Mas cumpramos o que Ferrante pede incessantemente ao longo de Escombros: atentemos à sua escrita e nada mais (porque "as nossas caras não nos prestam um bom serviço, e as nossas vidas nada acrescentam às obras"). Margarida conta que um dos aspetos mais difíceis de transpor para o português veio do facto de ela - que "detesta a escrita bonita, a escrita elegante", lembra - "escrever por vezes de uma maneira feia." "Os italianos têm muitas palavras ordinárias e usam-nas com uma grande displicência que nós não usamos. Eu tento acompanhar, mas às vezes não há um léxico tão rico que permita aquela variedade."

A Filha Obscura permanece a obra favorita de Periquito no universo Ferrante. "Acho que resume muito aquilo a que se reduz a literatura dela: ao problema entre filhas e mães. Depois vem aparecer também no quarteto de Nápoles de uma forma mais diluída, e ali está com toda a intensidade. É uma maternidade que nunca é aceite. Acho que isso é transmitido naquele episódio em que ela [Leda] rouba a boneca à criança na praia." Episódio retomado no "assustador" A Praia de Noite, que Ferrante classifica como infantil e Periquito diz ser "totalmente desaconselhado às crianças". "A história é vista da perspetiva da boneca, que no romance era uma coisa inerte, e aqui tem vida porque dentro dela há palavras, que constituem um tesouro. Quem não tem palavras não tem préstimo nem valor."

Quem é a Amiga Genial?

Em Escombros assiste-se à musculatura de que é feita a obra de Ferrante e ali se mostra a sua visão da literatura (que deve ser sempre "urgente" e mostrar não a verosimilhança mas a verdade). Aquela que assim traduziu a palavra do título, frantumaglia, tão cara a Ferrante, explica-a: "Tem a ver com estilhaços, cacos. Ela diz que é o que a mãe sentia - em cacos por dentro - quando havia coisas que a puxavam de um lado para o outro, coisas que ela não conseguia resolver dentro dela, vivências desagradáveis que lhe vinham à cabeça. Ela diz que a partir dessa palavra cria toda a literatura dela."

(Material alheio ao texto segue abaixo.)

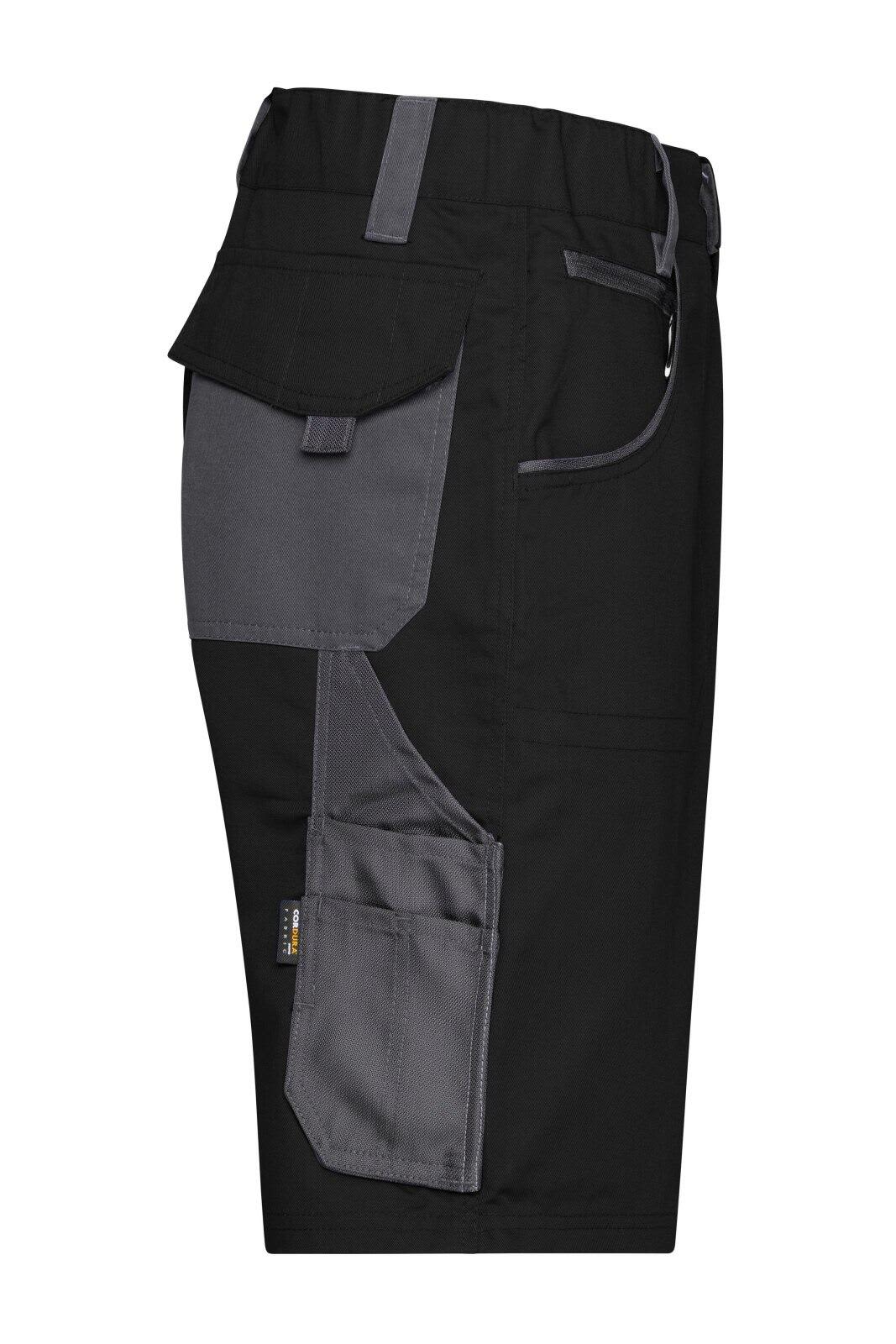 Workwear Bermudas C3-JN835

Por fim, falamos do quarteto napolitano, de Lila e Lena, as duas amigas cuja história, da infância à velhice, é narrada pela segunda ao longo de quatro volumes. Perguntamos a Periquito se Ferrante acaba por ser uma grande escritora: "Sim, acaba. No conteúdo e na criação."

Perguntamos ainda porque terá Ferrante tomado a opção de dar voz àquela que é porventura a menos genial das duas amigas, aquela que terá talvez menos força, e que escreve sempre à imagem dos escritos de Lila que leu à revelia dela e destruiu - e aos quais nós nunca temos acesso -, mas que aparecem sempre como a escrita ideal, que Lena nunca atinge. "A Lila ao fim e ao cabo era uma personagem mais completa e mais intelectual do que a amiga, mas não teve os meios [para prosseguir os estudos]. E venceu muitas coisas que não sei se a Lena seria capaz de vencer. Acho que aquela que escreveu não era de facto a que estava mais habilitada para o fazer."

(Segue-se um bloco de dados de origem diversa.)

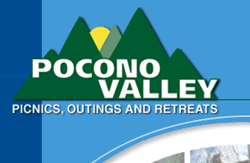 Pocono Valley Resort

Então por que razão não é Lila quem conta a história? "Se calhar era mais comum. É mais natural querer dar mais relevo a quem tem mais faculdades intelectuais, e ela não fez isso." E se a riqueza literária ou narrativa decrescesse por isso mesmo, aí se mostraria a coerência de Ferrante. E o seu desprendimento "total", diz Periquito. "Muitos escritores não se permitiriam desnudar-se tanto, porque estão preocupados com a imagem, ela está-se marimbando para a imagem. E atingiu um ponto em que o mundo provou-lhe que ela pode realmente agir assim."